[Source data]

((

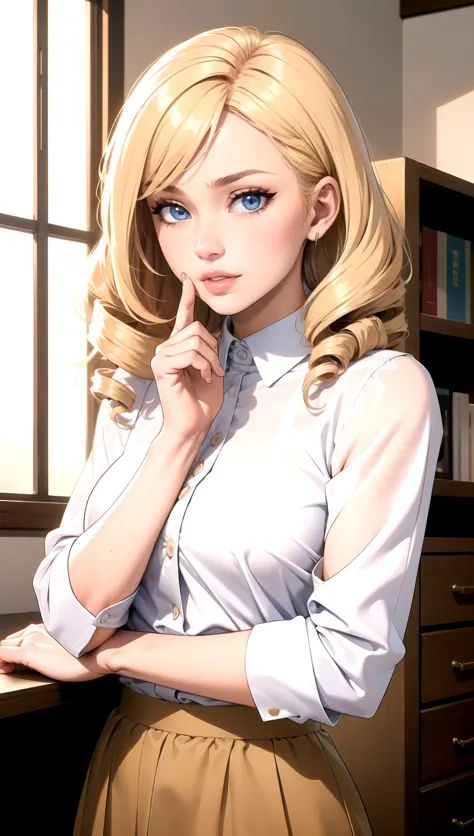 (masterpiece, best quality), 1girl, blonde hair, blue eyes, drill hair, blouse, culottes,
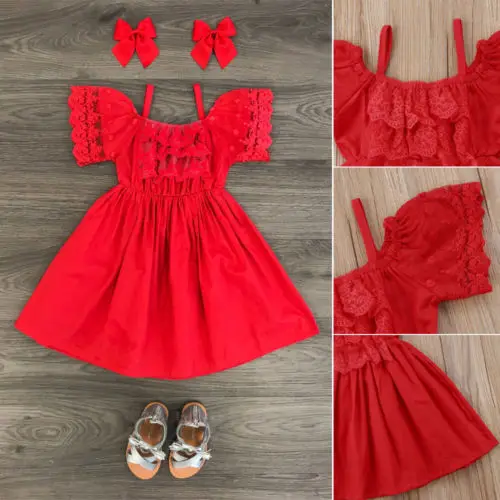 2018 New Kid Girl Red Lace Dress Off Shoulder Strap Dress Princess Baby Lace Floral Wedding Party Dress Children Summer Sundress
2018 New Kid Girl Red Lace Dress Off Shoulder Strap Dress Princess Baby Lace Floral Wedding Party Dress Children Summer Sundress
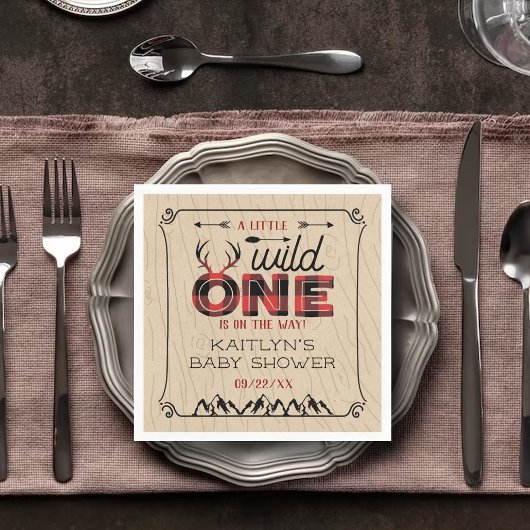 Wild One Boys Rustikale Karierte Lumberjack Babydu Serviette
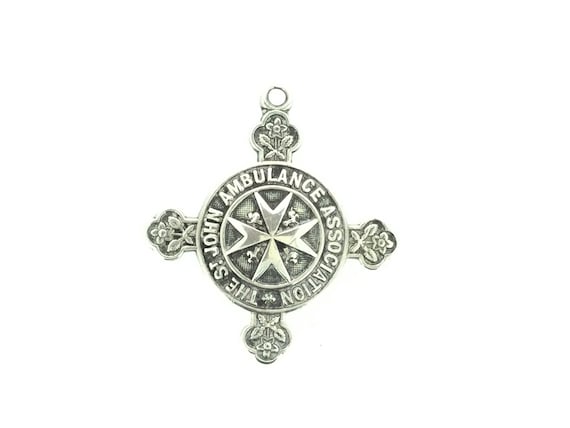 Silver Sterling Hallmarked Fob Pendant St. John Ambulance Association Patterned
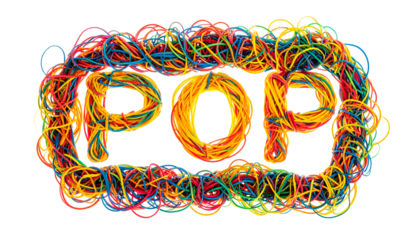 POP" spelled out with colorful rubber bands against a black background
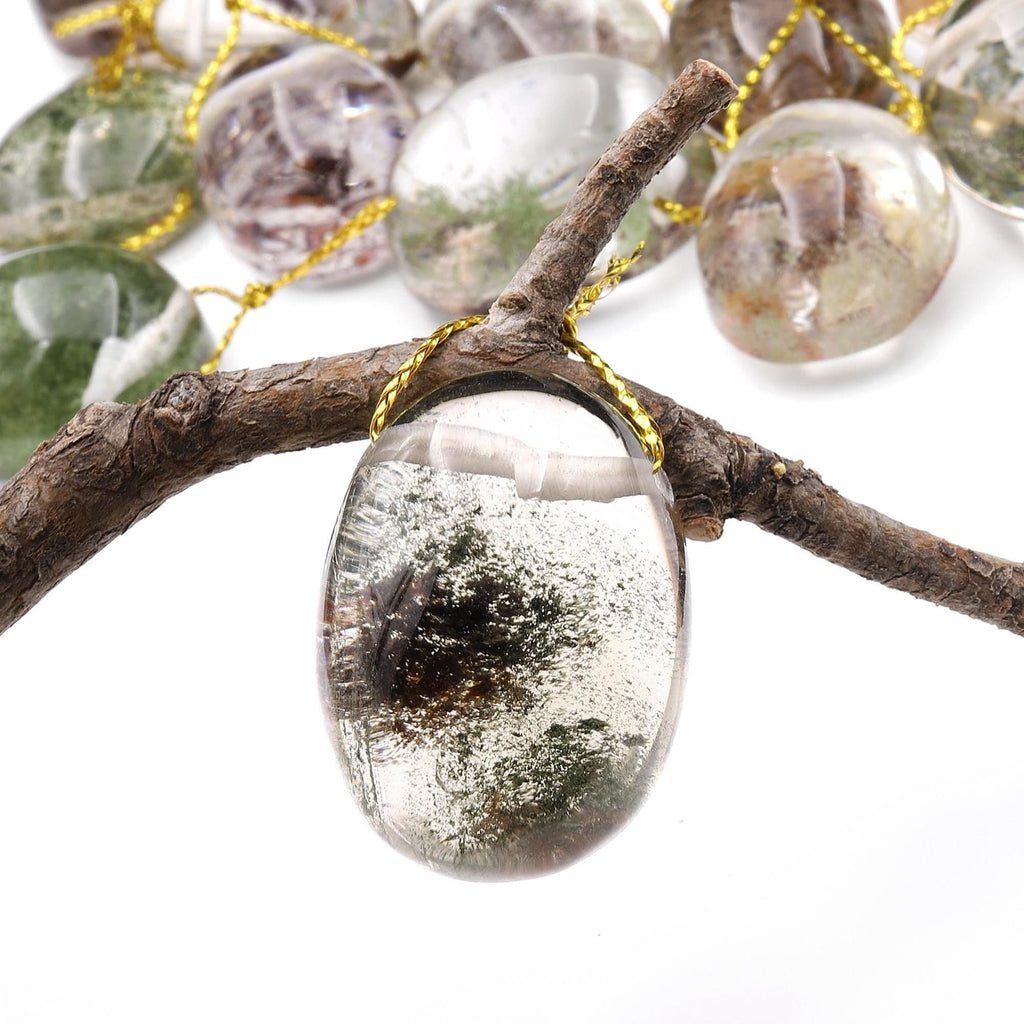 Natural Lodalite Phantom Quartz Puffy Oval Pendant Side Drilled Gemstone Focal Bead A1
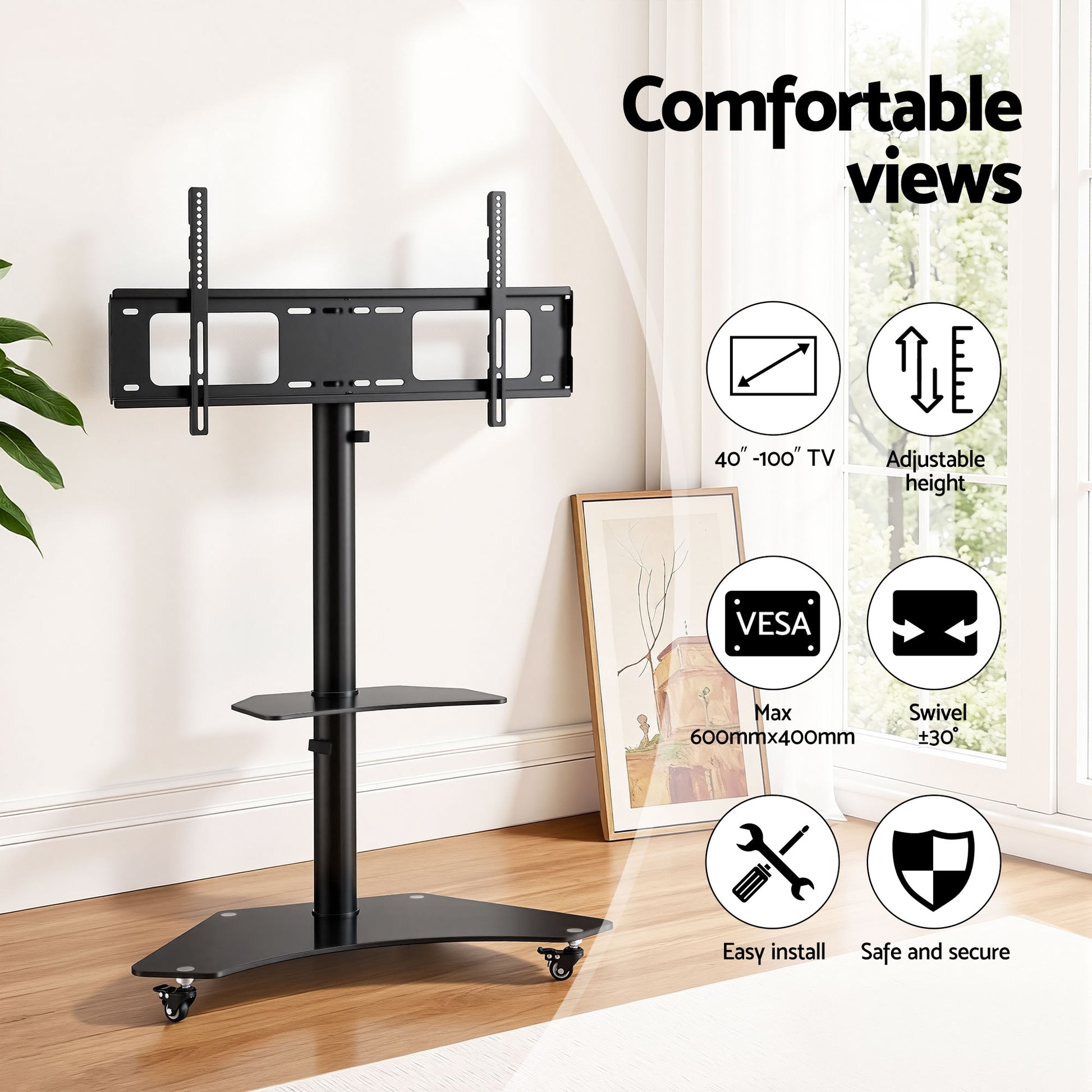 Artiss 40 - 100" TV Stand Mount Bracket Universal Adjustable Height with Wheels - Factory Direct Shop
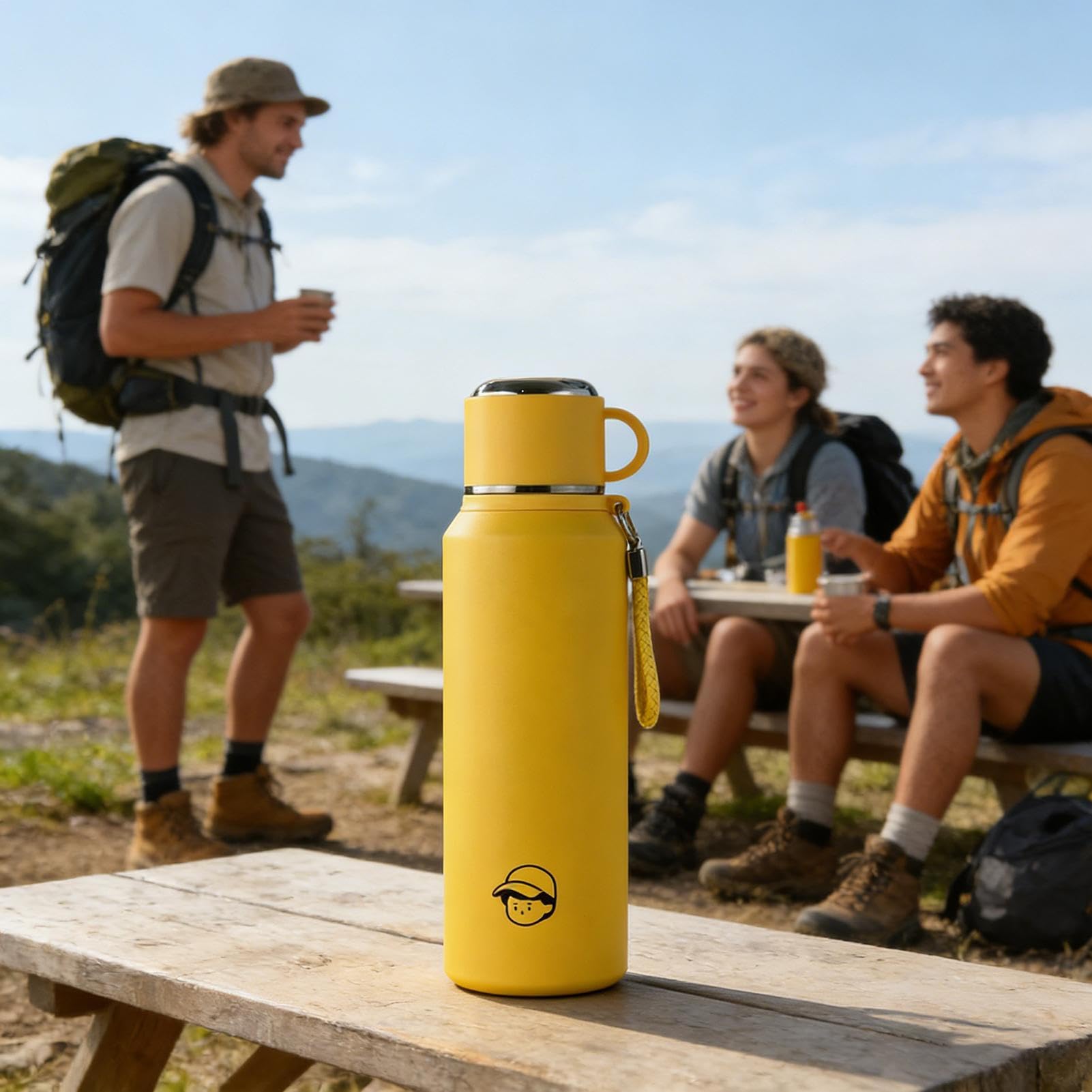 Termos na kawę 1L Szczelny podwójny ścianki kubek termiczny ze słomką | Butelka termiczna do gorących napojów Do podróży pracy domu szkoły na camping piesze wycieczki rower jazdę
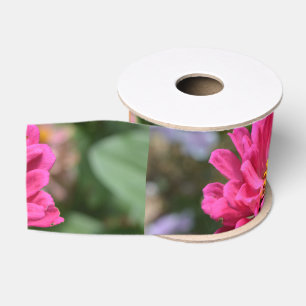 Ruban Gros-grain Zinnia rose et Bumble bee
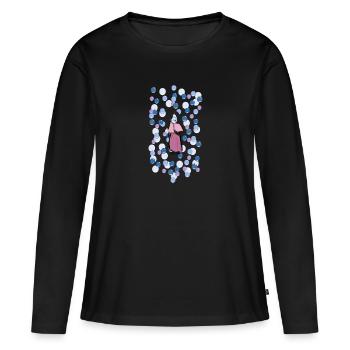 Rêve de fille dans la bulle - T-shirt manches longues Premium bio Femme - noir - Devant - Julia (174cm)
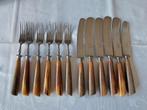 Antiek hoornen bestek 6 pers. voorgerecht messen + vorken, Ophalen of Verzenden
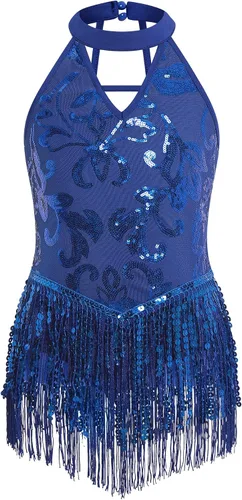 Miniatura 8 de IBAKOM Body de lentejuelas brillantes con flecos y cuello halter en V, leotardo de gimnasia para niños, espalda abierta, jazz latino, hip hop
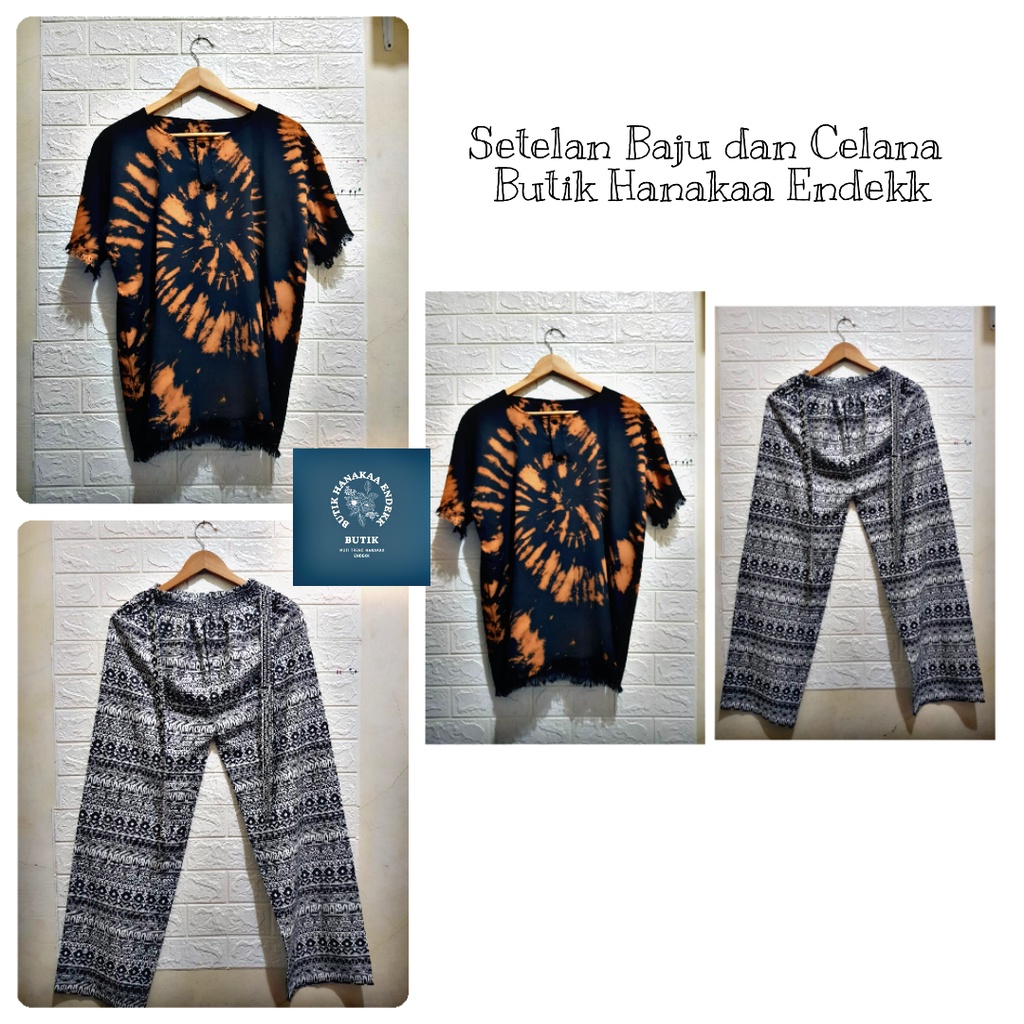 Set/Setelan Baju dan Celana Etnik Dashiki Oval Pria/Wanita (Unisex)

))

# What this task involves
With images omitted, output the data exactly as given.

# Response area
 (masterpiece, best quality), 1girl, blonde hair, blue eyes, drill hair, blouse, culottes,
 2018 New Kid Girl Red Lace Dress Off Shoulder Strap Dress Princess Baby Lace Floral Wedding Party Dress Children Summer Sundress
2018 New Kid Girl Red Lace Dress Off Shoulder Strap Dress Princess Baby Lace Floral Wedding Party Dress Children Summer Sundress
 Wild One Boys Rustikale Karierte Lumberjack Babydu Serviette
 Silver Sterling Hallmarked Fob Pendant St. John Ambulance Association Patterned
 POP" spelled out with colorful rubber bands against a black background
 Natural Lodalite Phantom Quartz Puffy Oval Pendant Side Drilled Gemstone Focal Bead A1
 Artiss 40 - 100" TV Stand Mount Bracket Universal Adjustable Height with Wheels - Factory Direct Shop
 Termos na kawę 1L Szczelny podwójny ścianki kubek termiczny ze słomką | Butelka termiczna do gorących napojów Do podróży pracy domu szkoły na camping piesze wycieczki rower jazdę
 Ruban Gros-grain Zinnia rose et Bumble bee
 Rêve de fille dans la bulle - T-shirt manches longues Premium bio Femme - noir - Devant - Julia (174cm)
 Antiek hoornen bestek 6 pers. voorgerecht messen + vorken, Ophalen of Verzenden
 Miniatura 8 de IBAKOM Body de lentejuelas brillantes con flecos y cuello halter en V, leotardo de gimnasia para niños, espalda abierta, jazz latino, hip hop
 Set/Setelan Baju dan Celana Etnik Dashiki Oval Pria/Wanita (Unisex)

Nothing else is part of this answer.